The Strategic Benefits of Developing Eastern Seaports Ports
Currently ranked 110 on the global logistics performance index, 116 on global port competitiveness, Nigeria’s over-dependence on Lagos ports has brought untold hardship on shippers, importers, and other key stakeholders. Currently, it takes an average of 14 days to complete cargo clearance at both Apapa ports, as against the global standard average of 48 hours (2 days). Divergent figures have shown that Nigeria loses an average of 14 billion dollars annually due to port congestion, hence the need to develop and increase the cargo handling capacity of the eastern ports.
As the Nigerian Ports Authority commits towards attracting more import/export businesses to the Calabar, Port-Harcourt, and Warri by granting new tariff reliefs to shipping companies, terminal operators, the focus is on improving maritime activities on the eastern corridor through a massive expansion of port infrastructure and vessel handling capacity.
The implication of Viable Eastern Sea Ports
Upgrading the cargo handling capacity of the Calabar, Port-Harcourt, and Warri ports with modern infrastructural, technological, and manpower requirements means that the hugely encumbered Lagos ports will undoubtedly witness unprecedented decongestion, efficiency, and orderliness. This is expected to improve Nigeria’s ranking on World Bank’s Logistics Performance Index, make our ports more globally competitive, promote the ease of doing business across the nation, improve general export activities increase government revenue by more than 14 billion dollars annually.

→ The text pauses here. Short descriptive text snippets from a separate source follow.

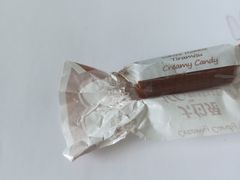 -blt精品超市(上海杨浦合生汇店)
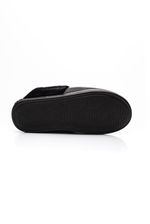 Pantufa-Chinelo-Adulto-La-Kature-426.160.290-Preto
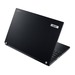 Acer TravelMate P6 TMP648-G3-M-75WP Specs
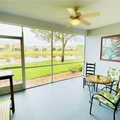 2 bedrooms apartment for rent in Villas - Fort Myers, Fort Myers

Viable eastern ports will promote massive improvement in shipping and cargo operations in the Calabar, Old Port-Harcourt, and Warri ports. By implication, shippers in the Middle Belt, Northeast, Southeast, and South-South region may never need to consign their cargo to Lagos but will gladly explore available options like Warri, Calabar, and a massively improved port-Harcourt/Onne ports to choose from. Also, it will make great economic sense to develop more inland dry ports across all regions, connect more rail lines, in addition to drastic improvement of the federal road routes to these ports. This will facilitate a more efficient evacuation of cargo. However, efficiency in the cargo clearance process can also depend on the deployment of a limited number of port agencies. There are several agencies (about 14 of them), with duplicated functions, causing delays in the cargo clearance process due to multiple physical examinations. This concern needs to be addressed to enhance efficiency in the ports’ operations.
Efficiency in modern port operations can be bet achieved by establishing effectively coordinated modern technological infrastructures, such as cargo scanners and electronic call-up systems. Effective cargo scanning and electronic truck call-up system in those ports will simplify cargo clearance operations, promote efficiency, increase the of container cargo in and out of Nigeria; boost general industrial activities and government revenue.
Also, globally competitive ports on the eastern corridor will attract new investments to the region and boost opportunities for socio-economic development including the establishment of industrial complexes across those port cities, leading to a higher rate of employment.
In conclusion, while the general implications of NPA’s move to make the eastern ports viable may not be exhausted by a single article, one thing is certain. The benefit of such investment far outweighs the cost, and this is the critical justification for such a venture. Nevertheless, while such a huge investment is being contemplated, efforts can be geared towards developing the Sapele and Badagry ports, improving the logistics performance and capacity of the Tincan Island and Apapa ports. Lastly, the completion of the multi-purpose Lekki deepsea port will serve as an important gateway for containerized, dry, liquid bulk cargo vessels, has received high optimism from industry stakeholders due to its capacity to improve Nigeria’s general logistics performance and develop direct and induced business revenue of $158bn and contribute an aggregate of $361bn to the Nigerian economy.